# What to do:
Transcribe exactly, please, the lines from the one containing "Jaguar XF (X260) 2019 Белый из Кореи, фото 2" through the end of the records below, and leave out the pictures.

# The records:
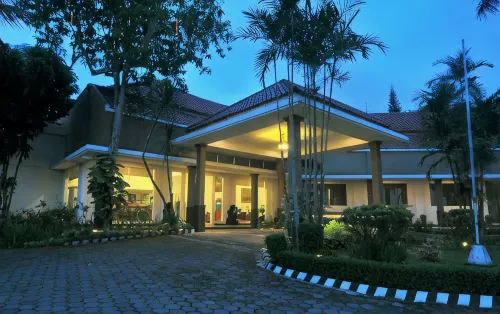 Candisari Hotel & Resto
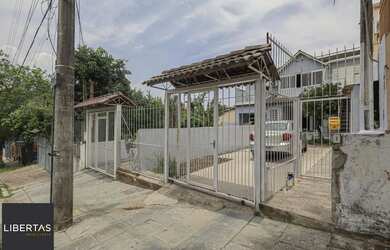 Imagem: A casa à venda possui 4 Dormitórios, 5 Banheiros, 3 Vagas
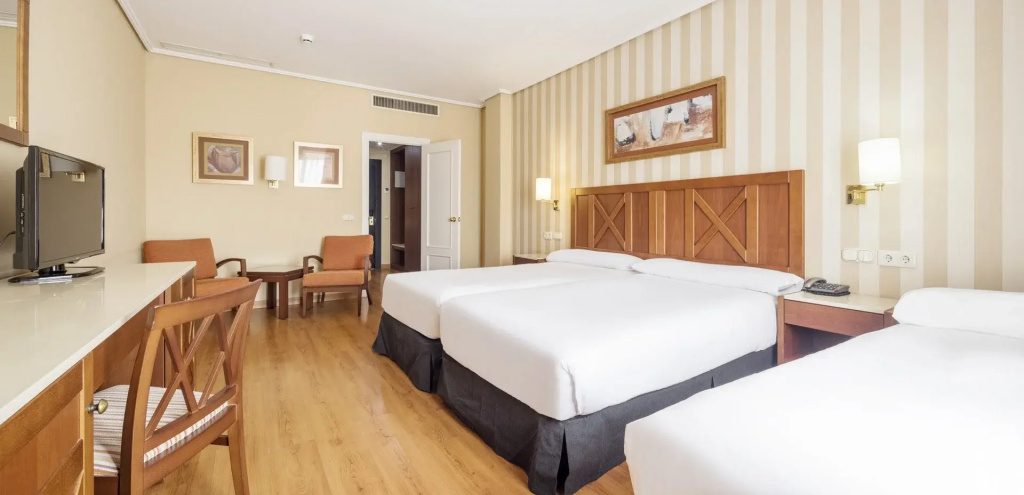 Ilunion Alcora Sevilla Hotel - Chambres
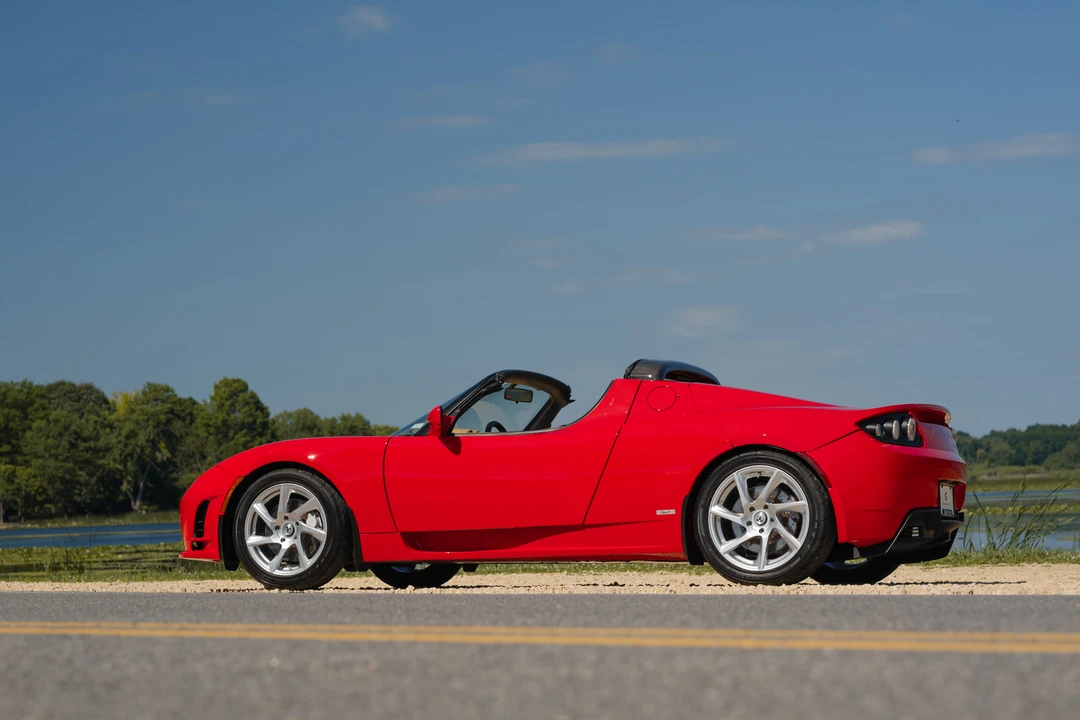 2011 Tesla Roadster - Image 9 of 31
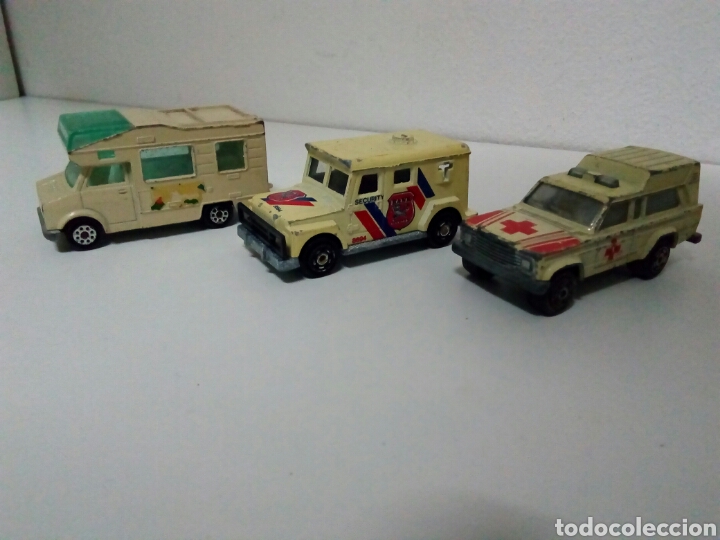 Coches a escala: Majorette 1/64 carabana ambulancia furgon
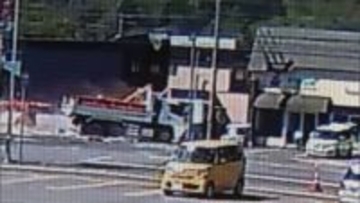 「ガス爆発かと…」ダンプカーが弁当店に突っ込む瞬間　ドライバー「運転中せき込み操作を誤った」　北海道・旭川市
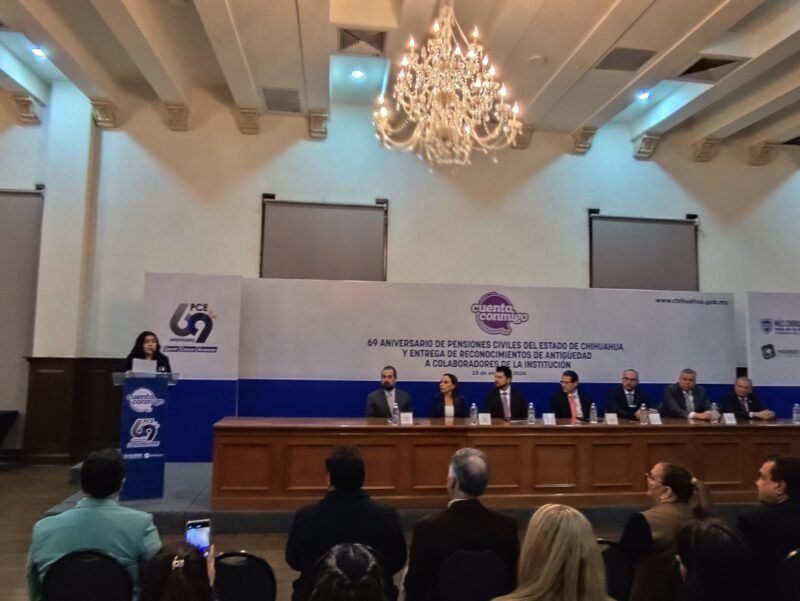 Reconocen trayectoria de trabajadores en 69 aniversario de Pensiones Civiles del Estado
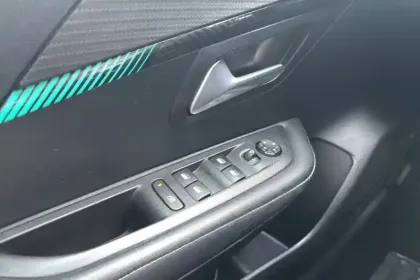 Photo 21 Peugeot 208  PureTech 100 S&S BVM6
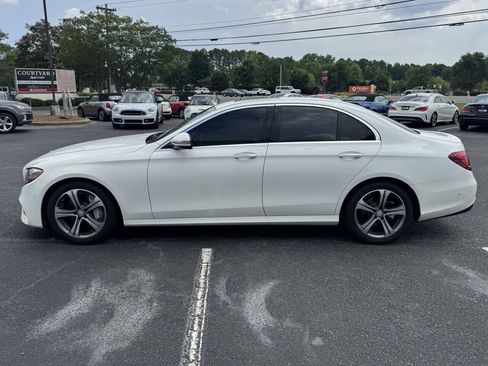 Used 2017 Mercedes-Benz E 300 image 4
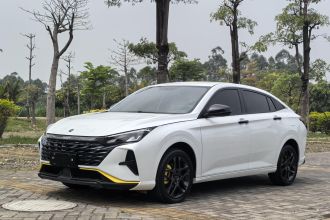 东风风神 奕炫 2023款 马赫版 1.5T 自动追猎骑士版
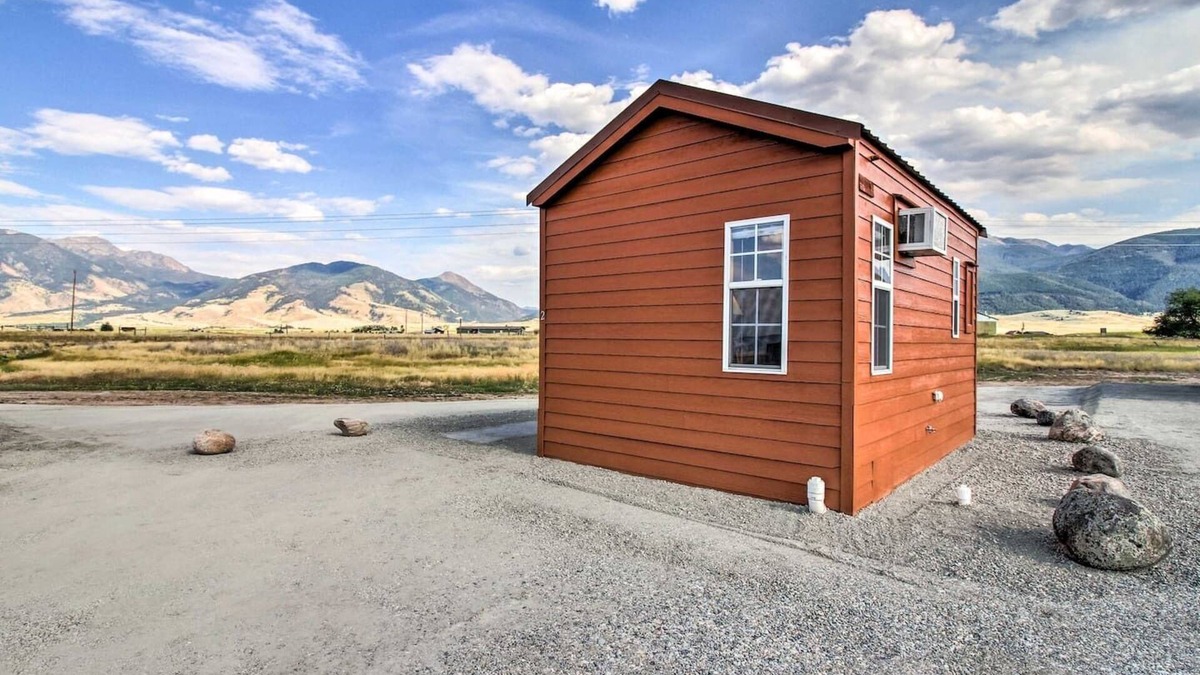 Pray Cabin | Salmonfly Cabin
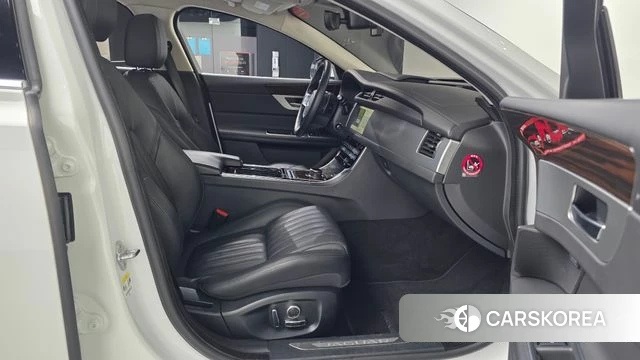 Jaguar XF (X260) 2019 Белый из Кореи, фото 2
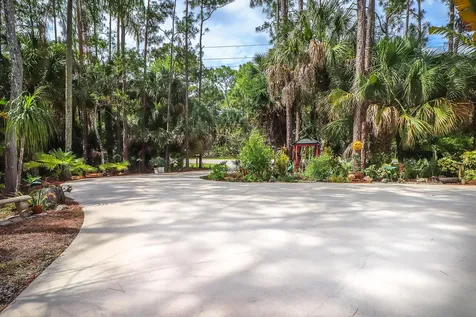 8259 155th Place N Palm Beach Gardens FL 33418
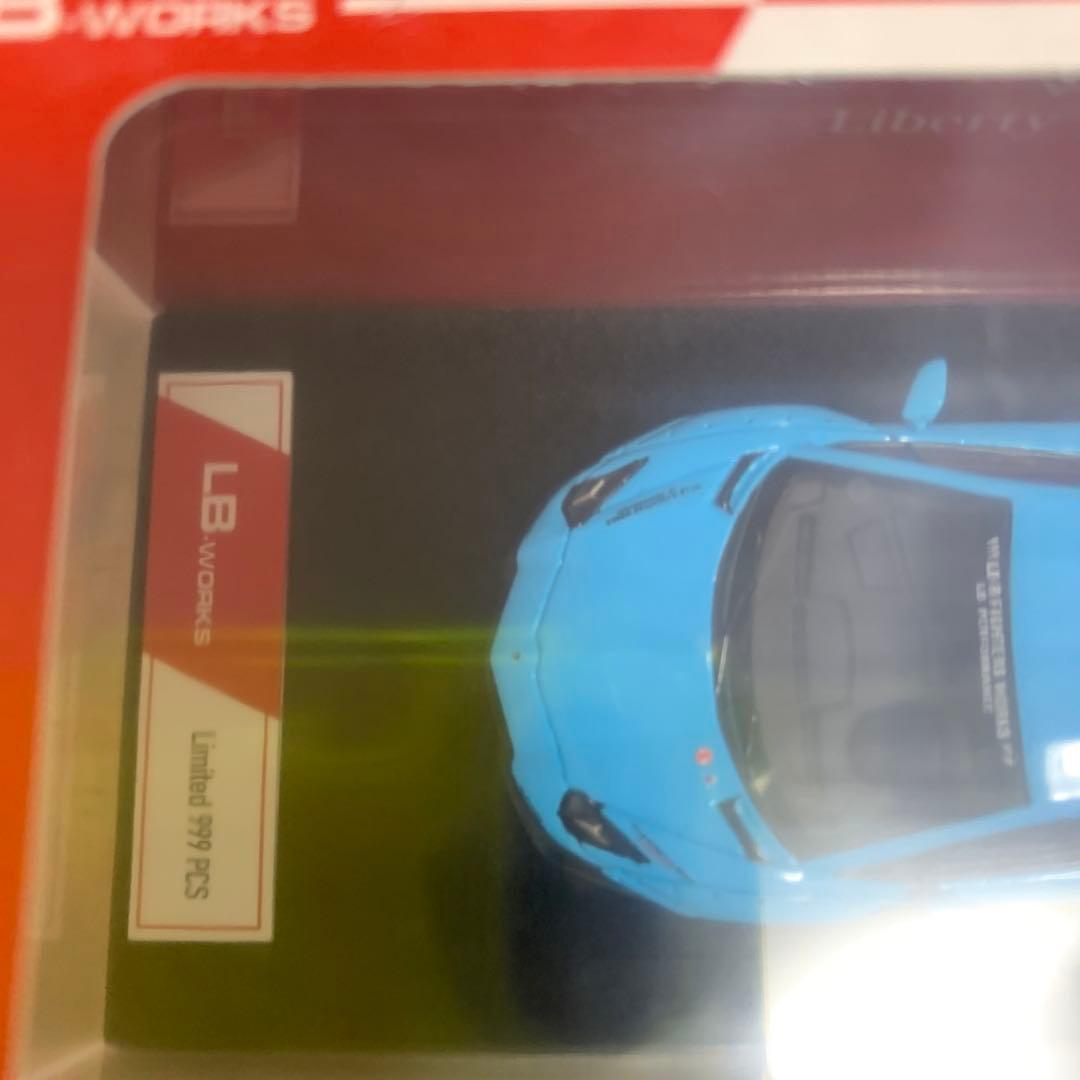 リバティーウォーク　1/64 ミニカー　アヴェンタドール　水色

# Response to this task:
 Jaguar XF (X260) 2019 Белый из Кореи, фото 2
 8259 155th Place N Palm Beach Gardens FL 33418
 リバティーウォーク　1/64 ミニカー　アヴェンタドール　水色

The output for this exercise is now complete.